- Theatrical release poster
- Directed by: Paula van der Oest
- Written by: Paula van der Oest
- Starring: Cees Geel; Thekla Reuten; Dimitri Ivanov;
- Cinematography: Brigit Hillenius
- Music by: Fons Merkies
- Production companies: Motel Films; VPRO;
- Distributed by: RCV Film Distribution
- Release date: 12 February 1998;
- Running time: 90 minutes
- Country: Netherlands
- Languages: Dutch, English, Russian

= Tate's Voyage =

Tate's Voyage or De Trip van Teetje is a 1998 Dutch film directed by Paula van der Oest.

==Plot==
Tate (Teetje) and his friends rob a jewelry store in the middle of the night. The guards catch them red handed, but they manage to escape with the loot, which consists mainly of Rolexes. It becomes clear that this type of criminality is a habit for Tate, but when he meets his girlfriend Mary, he promises her to 'quit the life'. In order to do so, he buys a Russian ship that is offered to him for €100,000 and was said to have electronics on board, worth at least two million. To be able to buy the ship, he borrows money from his friends with whom he did the robbery, thinking that he can easily pay them back shortly. After the purchase is complete, Tate visits the ship and finds out that there is a 30-man Russian crew on board, and only little food. He also finds out that along with the ship, he also bought a €200,000 debt to Yugoslavia and hence, the ship has been chained. On top of that, it turns out that the crew hasn't been paid any wages for the past three years, which is the time the Russian crew have been stuck on board the ship in the Rotterdam harbour.

As Tate is unable to pay his friends back, they threaten to kill him if he doesn't pay within a few days.

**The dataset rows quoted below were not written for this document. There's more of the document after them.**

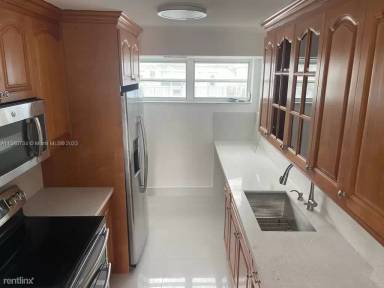 Main picture of 8340 Harding Ave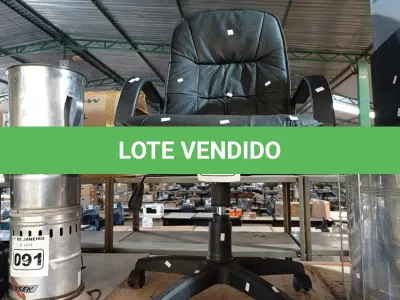 LOTE 099 - 01 CADEIRA DE ESCRITÓRIO COM BASE GIRATÓRIA. (NO ESTADO) ATENÇÃO! FAZER A VISITAÇÃO ANTES DE ARREMATAR, NÃO SABEMOS SE FUNCIONA. LEILÃO NÃO TEM GARANTIA E NEM DEVOLUÇÃO, SUJEITO A POSSÍVEIS AVARIAS VISÍVEIS/OCULTAS E/OU AUSÊNCIA DE COMPONENTES.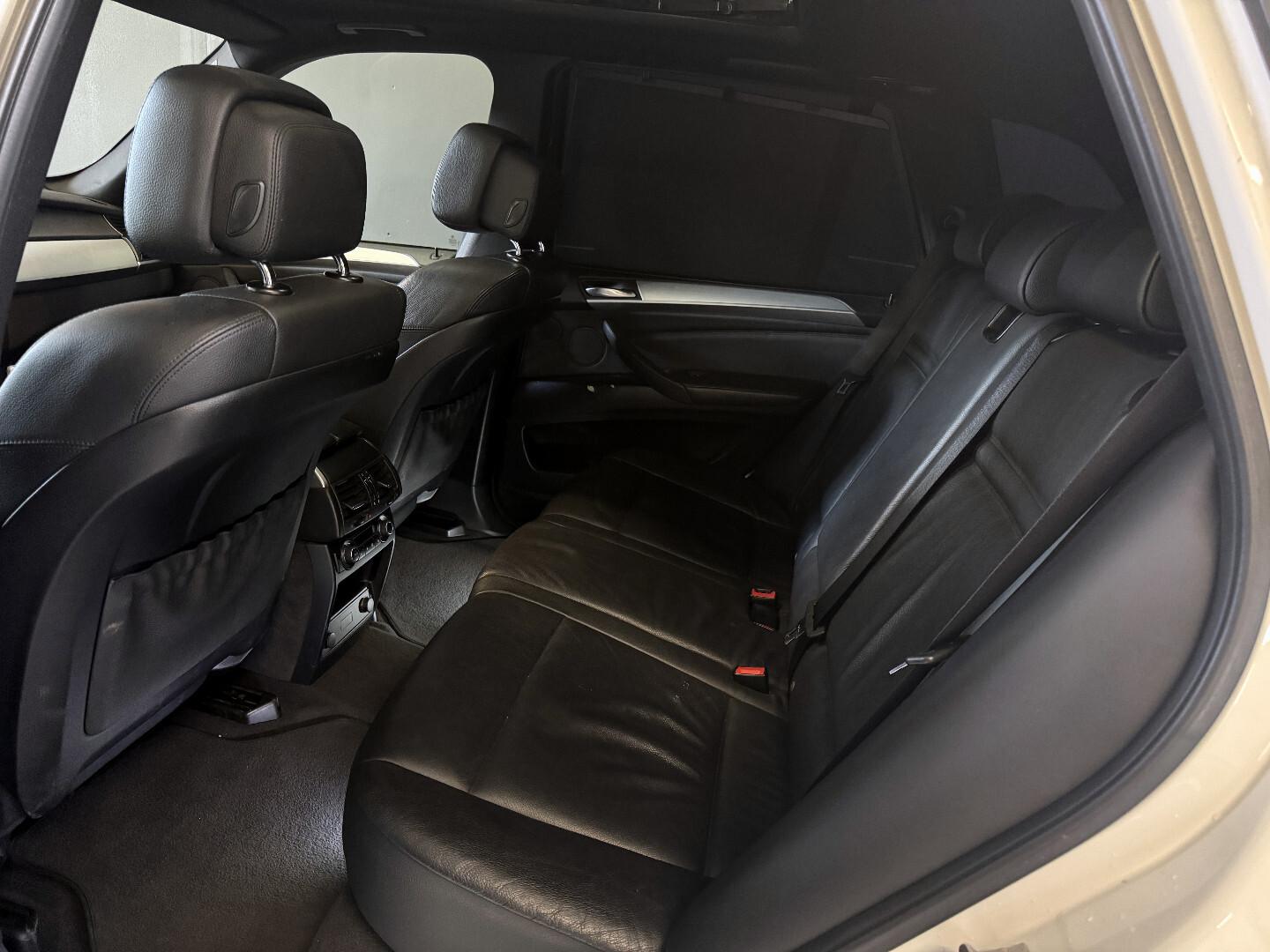 BMW X5 2012 – kuva 13
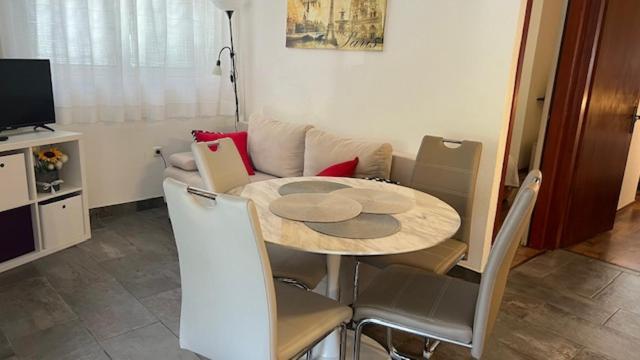 Sepic Apartments Опатия Екстериор снимка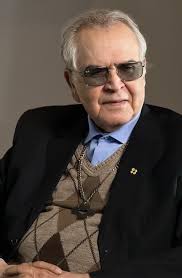 Rafael Santos Interpretando Padre Zezinho SCJ (@interpretandopadrezezinho)  • Facebook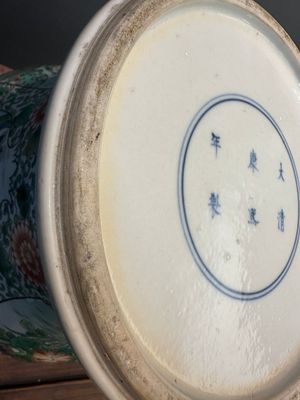 Een paar Chinese famille verte dekselvazen met vogels tussen bloesemtakken, Kangxi merk, 19e eeuw — foto 16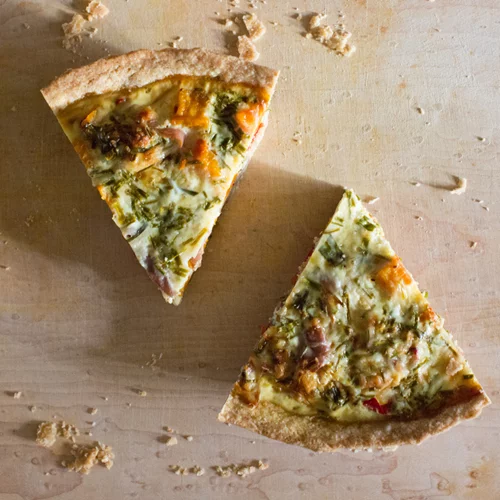 Κις λορέν με γιαούρτι και κολοκυθάκια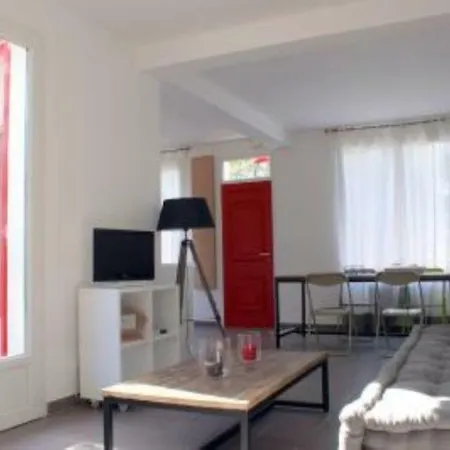 6 Rue De La Corvette Holiday home *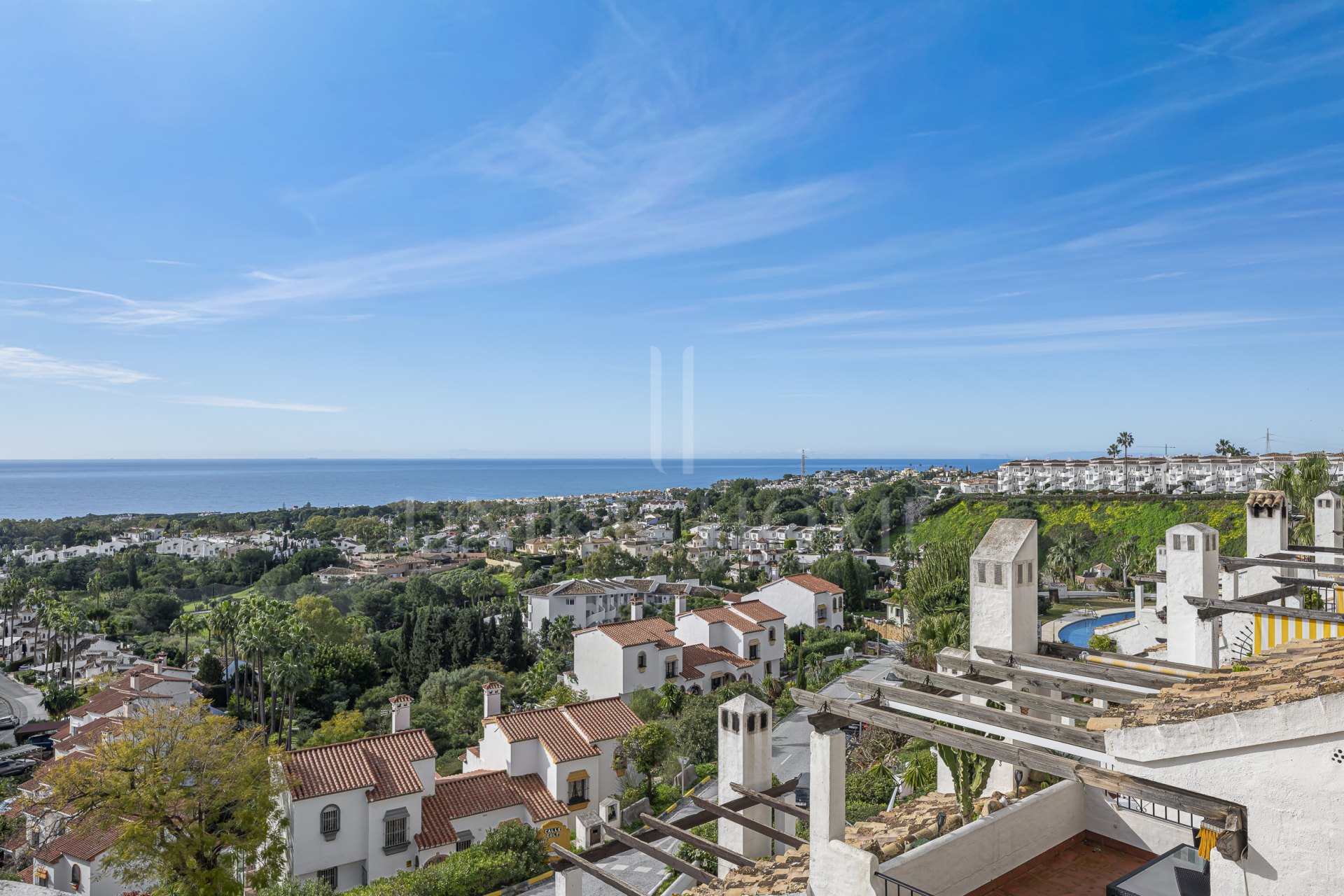 Apartamento moderno con espectaculares vistas al mar en Sitio de Calahonda, Mijas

He hides on board the ship, but the ship is running out of supplies, and more and more crew members are getting sick. When Tate's friends, unable to find Tate, threaten to hurt Mary, he brings her on board. As Mary is a nurse at the Catholic hospital of Rotterdam, she starts to treat the ill crew members. First mate Nikolaj falls in love with Mary and Mary finds out she has feelings for him, too. She later confesses that she gave up her virginity for him.

===End plot===
As the food runs out, Tate manages to persuade a local supermarket to donate 30 boxes of food. The crew however finds this not enough and threatens Tate to kill Mary if they do not return to Russia soon. Desperate as he is, Tate visits the captain of the ship in the hospital. The captain tells him that he should get rid of the cargo as soon as he can, as the cargo was shipped from Chernobyl nuclear power plant and thus is radioactive. Tate discovers that Mary and Nikolaj have an affair, returns to the ship, and gives Nikolaj his passport, cellphone and the key to his home. Nikolaj and Mary leave the ship, and Tate, so far unable to speak Russian, orders in Russian to prepare the ship and set sail for Russia. The film ends with the whole crew, including Tate, singing Russian sailor's songs.